▶ _What to work on_: Take the entries that follow and return exactly the lines from the one holding "Often accompanies a" through the one holding "The final rule", both included. Nothing else is needed.

START Data extracts

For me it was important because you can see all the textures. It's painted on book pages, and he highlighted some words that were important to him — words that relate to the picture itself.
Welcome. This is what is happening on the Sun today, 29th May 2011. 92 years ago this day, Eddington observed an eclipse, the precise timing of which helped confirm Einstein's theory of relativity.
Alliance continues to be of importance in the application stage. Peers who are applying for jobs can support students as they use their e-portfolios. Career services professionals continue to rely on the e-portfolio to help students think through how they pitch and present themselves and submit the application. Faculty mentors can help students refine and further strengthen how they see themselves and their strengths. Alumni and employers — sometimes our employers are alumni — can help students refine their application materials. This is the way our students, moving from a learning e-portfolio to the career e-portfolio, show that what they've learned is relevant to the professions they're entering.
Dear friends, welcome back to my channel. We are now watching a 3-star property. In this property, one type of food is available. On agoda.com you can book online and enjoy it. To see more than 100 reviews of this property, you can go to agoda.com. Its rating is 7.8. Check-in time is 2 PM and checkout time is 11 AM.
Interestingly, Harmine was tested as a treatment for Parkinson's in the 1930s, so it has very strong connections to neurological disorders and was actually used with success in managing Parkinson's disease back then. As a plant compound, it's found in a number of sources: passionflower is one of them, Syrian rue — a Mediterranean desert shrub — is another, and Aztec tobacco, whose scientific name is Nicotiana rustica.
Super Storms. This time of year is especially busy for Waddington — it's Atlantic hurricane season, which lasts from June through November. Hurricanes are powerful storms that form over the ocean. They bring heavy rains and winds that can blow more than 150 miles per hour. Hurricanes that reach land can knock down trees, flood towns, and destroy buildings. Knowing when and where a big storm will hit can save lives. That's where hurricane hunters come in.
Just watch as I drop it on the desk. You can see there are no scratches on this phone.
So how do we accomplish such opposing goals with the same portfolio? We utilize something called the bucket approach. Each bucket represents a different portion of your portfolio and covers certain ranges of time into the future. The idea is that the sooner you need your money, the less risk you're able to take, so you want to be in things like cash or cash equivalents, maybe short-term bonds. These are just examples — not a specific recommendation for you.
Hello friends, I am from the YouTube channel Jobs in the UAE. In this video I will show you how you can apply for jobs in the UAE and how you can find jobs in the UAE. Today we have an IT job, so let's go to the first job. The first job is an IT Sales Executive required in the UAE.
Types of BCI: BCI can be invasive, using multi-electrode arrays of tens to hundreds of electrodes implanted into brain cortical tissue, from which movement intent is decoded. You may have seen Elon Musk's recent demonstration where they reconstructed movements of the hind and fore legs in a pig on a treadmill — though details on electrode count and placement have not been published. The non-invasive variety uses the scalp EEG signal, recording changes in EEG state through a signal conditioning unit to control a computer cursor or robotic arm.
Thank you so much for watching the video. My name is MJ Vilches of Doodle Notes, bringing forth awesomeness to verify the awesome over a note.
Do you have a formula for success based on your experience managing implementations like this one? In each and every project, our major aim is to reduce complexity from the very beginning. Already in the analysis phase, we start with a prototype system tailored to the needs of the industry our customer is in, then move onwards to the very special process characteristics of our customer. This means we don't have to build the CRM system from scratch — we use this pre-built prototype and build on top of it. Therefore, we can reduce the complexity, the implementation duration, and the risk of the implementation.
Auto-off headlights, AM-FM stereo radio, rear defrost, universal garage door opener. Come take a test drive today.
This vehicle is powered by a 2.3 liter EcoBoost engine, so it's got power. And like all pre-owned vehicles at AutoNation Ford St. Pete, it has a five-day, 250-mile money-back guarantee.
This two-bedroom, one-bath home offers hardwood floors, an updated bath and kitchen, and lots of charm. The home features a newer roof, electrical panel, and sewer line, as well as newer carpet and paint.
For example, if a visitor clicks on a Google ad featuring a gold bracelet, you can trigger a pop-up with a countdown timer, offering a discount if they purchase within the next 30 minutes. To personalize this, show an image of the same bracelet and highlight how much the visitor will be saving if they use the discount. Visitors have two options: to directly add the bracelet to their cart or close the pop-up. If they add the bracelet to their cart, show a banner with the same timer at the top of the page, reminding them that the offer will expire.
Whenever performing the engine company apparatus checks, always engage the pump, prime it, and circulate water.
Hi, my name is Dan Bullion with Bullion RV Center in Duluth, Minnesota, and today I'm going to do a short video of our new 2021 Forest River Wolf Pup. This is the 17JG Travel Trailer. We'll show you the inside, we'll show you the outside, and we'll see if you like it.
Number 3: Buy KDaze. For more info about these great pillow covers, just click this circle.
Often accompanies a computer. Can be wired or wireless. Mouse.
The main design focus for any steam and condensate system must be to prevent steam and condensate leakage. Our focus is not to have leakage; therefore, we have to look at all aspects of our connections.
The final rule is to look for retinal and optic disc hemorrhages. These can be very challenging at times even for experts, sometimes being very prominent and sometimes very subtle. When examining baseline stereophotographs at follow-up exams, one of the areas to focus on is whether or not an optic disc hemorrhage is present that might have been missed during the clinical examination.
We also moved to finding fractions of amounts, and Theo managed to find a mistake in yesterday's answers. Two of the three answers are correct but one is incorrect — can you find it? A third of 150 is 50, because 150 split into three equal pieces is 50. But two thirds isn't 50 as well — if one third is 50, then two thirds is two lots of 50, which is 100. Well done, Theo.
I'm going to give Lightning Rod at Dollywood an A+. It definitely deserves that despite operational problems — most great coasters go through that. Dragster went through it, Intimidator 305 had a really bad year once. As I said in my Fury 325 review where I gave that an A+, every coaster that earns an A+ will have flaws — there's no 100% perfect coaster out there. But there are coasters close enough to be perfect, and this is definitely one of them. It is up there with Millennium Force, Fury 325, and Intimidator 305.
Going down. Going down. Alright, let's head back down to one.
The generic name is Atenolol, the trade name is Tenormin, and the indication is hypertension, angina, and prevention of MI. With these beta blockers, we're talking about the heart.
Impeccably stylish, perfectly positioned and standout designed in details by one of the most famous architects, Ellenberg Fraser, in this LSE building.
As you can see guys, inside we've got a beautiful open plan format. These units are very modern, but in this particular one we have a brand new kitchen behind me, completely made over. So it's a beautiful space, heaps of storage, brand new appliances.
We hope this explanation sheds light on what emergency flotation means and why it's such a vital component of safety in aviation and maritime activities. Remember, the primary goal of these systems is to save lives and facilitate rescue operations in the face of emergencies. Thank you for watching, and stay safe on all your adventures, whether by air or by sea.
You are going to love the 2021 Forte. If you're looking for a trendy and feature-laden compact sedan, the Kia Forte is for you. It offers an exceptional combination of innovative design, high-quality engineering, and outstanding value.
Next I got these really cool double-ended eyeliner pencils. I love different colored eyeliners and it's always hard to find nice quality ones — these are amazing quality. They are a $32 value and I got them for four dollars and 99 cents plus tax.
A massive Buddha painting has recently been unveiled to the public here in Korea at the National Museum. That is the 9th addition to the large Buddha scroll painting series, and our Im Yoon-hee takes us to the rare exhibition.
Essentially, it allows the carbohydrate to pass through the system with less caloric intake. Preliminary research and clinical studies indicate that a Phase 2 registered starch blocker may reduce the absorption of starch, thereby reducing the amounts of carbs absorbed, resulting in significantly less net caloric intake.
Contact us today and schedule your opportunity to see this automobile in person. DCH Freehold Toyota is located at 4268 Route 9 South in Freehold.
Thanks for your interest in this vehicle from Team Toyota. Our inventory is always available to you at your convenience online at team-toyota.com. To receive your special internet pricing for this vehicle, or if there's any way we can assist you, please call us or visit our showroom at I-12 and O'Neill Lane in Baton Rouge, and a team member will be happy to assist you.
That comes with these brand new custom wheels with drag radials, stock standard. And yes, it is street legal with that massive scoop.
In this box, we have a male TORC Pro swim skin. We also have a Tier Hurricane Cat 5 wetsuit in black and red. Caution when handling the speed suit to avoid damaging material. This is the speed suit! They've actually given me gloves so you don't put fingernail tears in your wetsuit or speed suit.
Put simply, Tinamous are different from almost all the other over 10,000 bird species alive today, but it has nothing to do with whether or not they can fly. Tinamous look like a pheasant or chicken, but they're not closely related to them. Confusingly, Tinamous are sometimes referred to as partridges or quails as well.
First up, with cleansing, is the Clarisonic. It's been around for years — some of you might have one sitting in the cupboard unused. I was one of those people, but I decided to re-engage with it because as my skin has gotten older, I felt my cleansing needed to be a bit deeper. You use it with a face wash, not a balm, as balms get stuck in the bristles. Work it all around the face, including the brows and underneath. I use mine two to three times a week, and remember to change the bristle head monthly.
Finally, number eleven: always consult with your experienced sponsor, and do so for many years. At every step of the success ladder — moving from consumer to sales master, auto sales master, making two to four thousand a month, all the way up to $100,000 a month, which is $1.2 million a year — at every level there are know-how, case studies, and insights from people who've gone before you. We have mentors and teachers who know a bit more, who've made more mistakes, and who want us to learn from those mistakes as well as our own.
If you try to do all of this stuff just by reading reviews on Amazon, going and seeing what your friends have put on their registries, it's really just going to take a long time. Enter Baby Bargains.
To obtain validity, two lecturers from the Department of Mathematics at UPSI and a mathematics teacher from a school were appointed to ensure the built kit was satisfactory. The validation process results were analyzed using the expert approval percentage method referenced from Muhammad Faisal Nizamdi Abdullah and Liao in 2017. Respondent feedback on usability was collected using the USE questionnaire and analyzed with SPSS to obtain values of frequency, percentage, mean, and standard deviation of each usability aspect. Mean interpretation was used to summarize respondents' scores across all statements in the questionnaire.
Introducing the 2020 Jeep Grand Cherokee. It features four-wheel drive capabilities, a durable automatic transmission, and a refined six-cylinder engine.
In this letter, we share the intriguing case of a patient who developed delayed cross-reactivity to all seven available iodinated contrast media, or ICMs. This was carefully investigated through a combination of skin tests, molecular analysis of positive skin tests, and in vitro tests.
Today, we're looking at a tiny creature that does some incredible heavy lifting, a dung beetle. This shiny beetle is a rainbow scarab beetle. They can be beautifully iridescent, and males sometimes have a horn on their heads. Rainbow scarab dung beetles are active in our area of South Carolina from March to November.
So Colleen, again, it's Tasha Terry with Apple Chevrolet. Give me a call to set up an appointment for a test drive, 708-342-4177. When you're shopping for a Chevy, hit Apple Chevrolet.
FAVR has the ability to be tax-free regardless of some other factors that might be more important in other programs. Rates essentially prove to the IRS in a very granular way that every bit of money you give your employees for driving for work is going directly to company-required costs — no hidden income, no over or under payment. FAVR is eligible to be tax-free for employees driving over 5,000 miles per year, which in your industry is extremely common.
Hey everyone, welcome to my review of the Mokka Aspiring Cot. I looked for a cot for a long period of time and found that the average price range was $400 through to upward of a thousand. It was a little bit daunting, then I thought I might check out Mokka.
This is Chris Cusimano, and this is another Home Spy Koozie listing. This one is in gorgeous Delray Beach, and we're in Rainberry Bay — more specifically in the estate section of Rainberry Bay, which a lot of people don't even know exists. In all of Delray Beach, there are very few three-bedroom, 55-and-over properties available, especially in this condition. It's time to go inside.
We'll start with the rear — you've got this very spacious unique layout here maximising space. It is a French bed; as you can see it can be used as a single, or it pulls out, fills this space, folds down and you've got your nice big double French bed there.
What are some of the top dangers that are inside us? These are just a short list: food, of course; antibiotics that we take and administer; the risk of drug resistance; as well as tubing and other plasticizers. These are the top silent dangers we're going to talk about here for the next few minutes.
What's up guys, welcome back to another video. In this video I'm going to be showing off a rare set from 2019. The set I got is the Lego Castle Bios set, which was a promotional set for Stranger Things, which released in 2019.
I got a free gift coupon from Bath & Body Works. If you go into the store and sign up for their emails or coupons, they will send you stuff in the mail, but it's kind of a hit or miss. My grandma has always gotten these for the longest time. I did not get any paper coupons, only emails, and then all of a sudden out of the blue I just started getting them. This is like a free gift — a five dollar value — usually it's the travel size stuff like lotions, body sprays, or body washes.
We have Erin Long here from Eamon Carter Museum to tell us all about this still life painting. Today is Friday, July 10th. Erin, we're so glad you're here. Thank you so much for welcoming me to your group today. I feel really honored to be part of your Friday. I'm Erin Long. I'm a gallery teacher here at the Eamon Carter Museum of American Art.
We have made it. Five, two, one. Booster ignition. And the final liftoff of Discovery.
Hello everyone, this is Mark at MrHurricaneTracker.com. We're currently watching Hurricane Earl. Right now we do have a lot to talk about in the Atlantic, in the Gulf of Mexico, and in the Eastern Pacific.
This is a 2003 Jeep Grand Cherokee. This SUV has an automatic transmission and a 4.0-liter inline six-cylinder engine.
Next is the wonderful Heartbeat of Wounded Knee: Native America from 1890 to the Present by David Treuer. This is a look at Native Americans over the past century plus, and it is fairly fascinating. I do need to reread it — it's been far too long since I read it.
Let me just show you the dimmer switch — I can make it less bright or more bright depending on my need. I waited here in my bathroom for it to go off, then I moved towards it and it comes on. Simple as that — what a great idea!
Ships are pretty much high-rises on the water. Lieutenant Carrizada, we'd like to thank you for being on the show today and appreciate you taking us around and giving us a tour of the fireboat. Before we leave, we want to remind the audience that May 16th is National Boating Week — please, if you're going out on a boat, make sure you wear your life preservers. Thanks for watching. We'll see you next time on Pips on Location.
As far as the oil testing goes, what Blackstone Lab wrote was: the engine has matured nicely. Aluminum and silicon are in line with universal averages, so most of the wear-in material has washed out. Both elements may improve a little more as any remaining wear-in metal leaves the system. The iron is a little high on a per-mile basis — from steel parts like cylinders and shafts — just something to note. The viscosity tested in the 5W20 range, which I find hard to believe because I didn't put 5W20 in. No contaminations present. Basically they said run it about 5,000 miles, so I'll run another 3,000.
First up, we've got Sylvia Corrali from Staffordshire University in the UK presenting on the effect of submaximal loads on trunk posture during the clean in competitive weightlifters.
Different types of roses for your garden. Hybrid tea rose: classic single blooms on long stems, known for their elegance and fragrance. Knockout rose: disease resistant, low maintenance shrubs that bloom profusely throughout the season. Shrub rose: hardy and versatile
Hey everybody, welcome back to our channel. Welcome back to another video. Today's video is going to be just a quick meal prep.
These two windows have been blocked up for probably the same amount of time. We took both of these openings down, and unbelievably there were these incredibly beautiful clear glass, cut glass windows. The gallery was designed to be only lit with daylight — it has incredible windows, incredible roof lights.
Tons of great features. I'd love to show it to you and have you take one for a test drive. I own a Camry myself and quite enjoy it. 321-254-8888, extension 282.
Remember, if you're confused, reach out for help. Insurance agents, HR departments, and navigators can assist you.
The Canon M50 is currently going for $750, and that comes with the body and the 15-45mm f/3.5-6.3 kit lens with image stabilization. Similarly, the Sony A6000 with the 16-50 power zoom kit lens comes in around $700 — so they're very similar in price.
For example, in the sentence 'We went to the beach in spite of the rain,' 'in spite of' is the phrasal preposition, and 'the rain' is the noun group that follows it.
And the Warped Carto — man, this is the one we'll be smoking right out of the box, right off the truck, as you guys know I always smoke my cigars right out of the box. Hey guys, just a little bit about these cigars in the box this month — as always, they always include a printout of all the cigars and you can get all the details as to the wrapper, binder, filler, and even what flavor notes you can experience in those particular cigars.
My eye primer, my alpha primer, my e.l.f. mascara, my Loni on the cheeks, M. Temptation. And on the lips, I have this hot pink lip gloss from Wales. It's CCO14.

END Data extracts

▶ _Result for this exercise_:
Often accompanies a computer. Can be wired or wireless. Mouse.
The main design focus for any steam and condensate system must be to prevent steam and condensate leakage. Our focus is not to have leakage; therefore, we have to look at all aspects of our connections.
The final rule is to look for retinal and optic disc hemorrhages. These can be very challenging at times even for experts, sometimes being very prominent and sometimes very subtle. When examining baseline stereophotographs at follow-up exams, one of the areas to focus on is whether or not an optic disc hemorrhage is present that might have been missed during the clinical examination.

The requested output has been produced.